Please report how many lines in the data below contain "foto". Nothing besides the number should be written.

Stored entries:
----
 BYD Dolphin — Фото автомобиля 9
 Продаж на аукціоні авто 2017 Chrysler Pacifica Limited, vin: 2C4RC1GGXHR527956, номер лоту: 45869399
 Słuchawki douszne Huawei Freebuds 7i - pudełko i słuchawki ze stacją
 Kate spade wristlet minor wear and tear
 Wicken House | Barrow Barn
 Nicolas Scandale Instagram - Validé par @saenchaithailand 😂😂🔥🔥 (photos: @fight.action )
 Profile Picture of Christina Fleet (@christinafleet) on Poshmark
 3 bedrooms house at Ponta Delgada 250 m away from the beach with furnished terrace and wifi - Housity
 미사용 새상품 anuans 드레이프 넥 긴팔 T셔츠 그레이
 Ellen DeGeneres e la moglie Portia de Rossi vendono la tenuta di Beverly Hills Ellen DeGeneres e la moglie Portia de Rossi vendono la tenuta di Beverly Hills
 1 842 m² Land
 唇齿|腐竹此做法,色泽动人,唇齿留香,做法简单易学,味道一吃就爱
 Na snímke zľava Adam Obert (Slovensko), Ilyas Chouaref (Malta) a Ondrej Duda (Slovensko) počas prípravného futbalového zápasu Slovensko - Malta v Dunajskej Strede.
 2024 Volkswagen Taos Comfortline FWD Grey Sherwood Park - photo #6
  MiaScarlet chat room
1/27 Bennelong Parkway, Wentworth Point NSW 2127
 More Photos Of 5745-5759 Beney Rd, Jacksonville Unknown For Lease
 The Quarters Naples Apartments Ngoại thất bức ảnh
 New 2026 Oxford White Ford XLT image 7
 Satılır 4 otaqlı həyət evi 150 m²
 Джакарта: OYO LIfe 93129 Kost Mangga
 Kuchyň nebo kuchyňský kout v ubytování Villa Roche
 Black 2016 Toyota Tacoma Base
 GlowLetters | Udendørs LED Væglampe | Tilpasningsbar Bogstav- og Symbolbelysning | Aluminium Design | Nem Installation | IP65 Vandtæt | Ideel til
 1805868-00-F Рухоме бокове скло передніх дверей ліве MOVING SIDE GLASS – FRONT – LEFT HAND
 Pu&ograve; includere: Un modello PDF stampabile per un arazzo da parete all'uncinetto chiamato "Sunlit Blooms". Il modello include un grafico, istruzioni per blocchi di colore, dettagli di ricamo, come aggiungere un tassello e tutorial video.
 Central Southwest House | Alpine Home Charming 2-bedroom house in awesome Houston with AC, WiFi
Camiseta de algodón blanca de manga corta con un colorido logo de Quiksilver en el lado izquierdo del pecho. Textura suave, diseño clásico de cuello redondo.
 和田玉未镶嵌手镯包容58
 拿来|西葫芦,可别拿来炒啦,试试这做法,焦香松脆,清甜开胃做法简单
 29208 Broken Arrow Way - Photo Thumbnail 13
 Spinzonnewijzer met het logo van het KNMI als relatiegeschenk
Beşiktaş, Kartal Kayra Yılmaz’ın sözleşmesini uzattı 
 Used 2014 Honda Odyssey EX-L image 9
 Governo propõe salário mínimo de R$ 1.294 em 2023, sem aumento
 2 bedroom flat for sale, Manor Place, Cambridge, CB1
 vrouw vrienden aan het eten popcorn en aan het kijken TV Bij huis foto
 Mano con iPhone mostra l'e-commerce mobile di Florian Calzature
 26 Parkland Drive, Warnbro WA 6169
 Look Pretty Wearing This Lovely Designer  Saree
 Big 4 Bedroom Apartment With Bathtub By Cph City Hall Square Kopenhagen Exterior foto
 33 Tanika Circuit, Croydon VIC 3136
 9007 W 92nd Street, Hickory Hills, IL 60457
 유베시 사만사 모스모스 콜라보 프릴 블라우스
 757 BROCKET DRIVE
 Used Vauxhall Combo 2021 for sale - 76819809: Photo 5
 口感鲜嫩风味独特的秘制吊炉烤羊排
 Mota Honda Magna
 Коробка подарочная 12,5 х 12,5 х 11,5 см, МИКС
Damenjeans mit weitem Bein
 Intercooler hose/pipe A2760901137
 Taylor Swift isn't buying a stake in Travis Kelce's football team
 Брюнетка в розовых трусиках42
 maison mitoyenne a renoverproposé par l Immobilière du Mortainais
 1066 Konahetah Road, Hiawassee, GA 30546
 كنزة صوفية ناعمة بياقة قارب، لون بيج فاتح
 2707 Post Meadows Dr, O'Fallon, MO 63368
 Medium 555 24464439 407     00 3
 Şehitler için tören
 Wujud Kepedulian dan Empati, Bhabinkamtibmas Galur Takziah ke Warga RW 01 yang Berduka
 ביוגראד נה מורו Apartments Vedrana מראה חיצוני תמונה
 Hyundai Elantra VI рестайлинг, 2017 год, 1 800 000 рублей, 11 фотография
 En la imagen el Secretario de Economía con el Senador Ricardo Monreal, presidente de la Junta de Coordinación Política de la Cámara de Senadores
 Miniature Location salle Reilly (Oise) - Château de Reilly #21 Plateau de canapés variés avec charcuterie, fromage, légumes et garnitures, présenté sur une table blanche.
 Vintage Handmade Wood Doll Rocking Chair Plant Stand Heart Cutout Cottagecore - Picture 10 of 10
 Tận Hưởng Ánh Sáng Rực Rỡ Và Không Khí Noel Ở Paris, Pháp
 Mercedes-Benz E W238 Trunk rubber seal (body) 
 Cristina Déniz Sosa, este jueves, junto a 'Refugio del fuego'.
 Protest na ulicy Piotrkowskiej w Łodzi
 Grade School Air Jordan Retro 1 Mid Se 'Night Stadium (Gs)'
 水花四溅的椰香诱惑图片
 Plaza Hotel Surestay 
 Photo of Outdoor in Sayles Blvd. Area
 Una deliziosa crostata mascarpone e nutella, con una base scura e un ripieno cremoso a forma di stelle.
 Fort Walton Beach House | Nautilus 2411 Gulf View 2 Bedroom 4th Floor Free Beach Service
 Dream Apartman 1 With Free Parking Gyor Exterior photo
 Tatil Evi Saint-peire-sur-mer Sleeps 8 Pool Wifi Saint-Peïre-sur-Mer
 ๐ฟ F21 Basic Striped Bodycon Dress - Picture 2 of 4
----
Answer section:
2